While profiling FP32 SGEMM performance on the RTX 5090, I noticed that cublasSgemmStridedBatched dispatches the same cutlass_80_simt_sgemm_128x32_8x5 kernel for every batched workload from 256×256 to 8192×8192×8, running at ~40% FMA pipe utilization across the entire size range. The dispatcher does not escalate to a larger tile at any threshold.

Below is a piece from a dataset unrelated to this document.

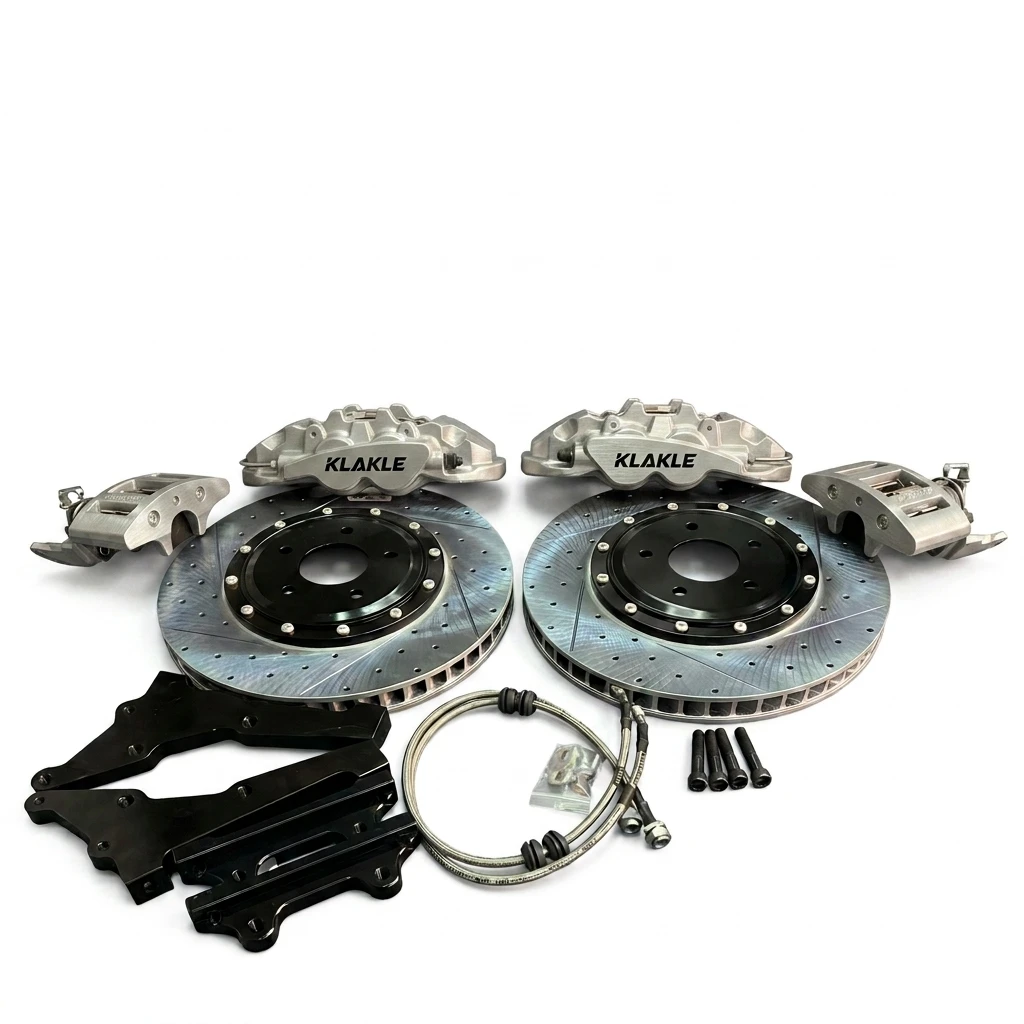 KLAKLE 8560 4 Big Piston Brake Caliper Kits Parking Brake Cable Caliper Mechanical Handbrake for Volkswagen Tiguan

The same libcublas.so binary (cuBLAS 13.3.0, CUDA 13.2.51, driver 595.58.03) correctly escalates on other sm_120 and sm_90 GPUs:
- RTX PRO 6000 Blackwell (sm_120): escalates through simt_128x64 → simt_128x128 → simt_256x128, reaching 73% FMA pipe utilization at 4096+
- H200 (sm_90): mixes CUTLASS simt_256x128 and xmma_gemm_128x128x8 families, reaching 82% FMA pipe utilization
Reproducing:
I’ve published a full write-up with per-size ncu data across all three GPUs, along with repro scripts: https://cloudrift.ai/blog/beating-cublas-on-rtx-5090/
This appears to be the same class of bug reported previously:
- Pascal card calling Maxwell kernels (2018)
- cuBLAS sgemm is slow (2017)
Environment:
- GPU: NVIDIA GeForce RTX 5090 (GB202, sm_120, 170 SMs)
- Driver: 595.58.03
- CUDA: 13.2.51
- cuBLAS: 13.3.0
- OS: Ubuntu 24.04
I have not tested on other consumer RTX GPUs (5070, 5080, 4090) but the dispatch logic appears to be arch-specific, so similar issues may exist on those paths.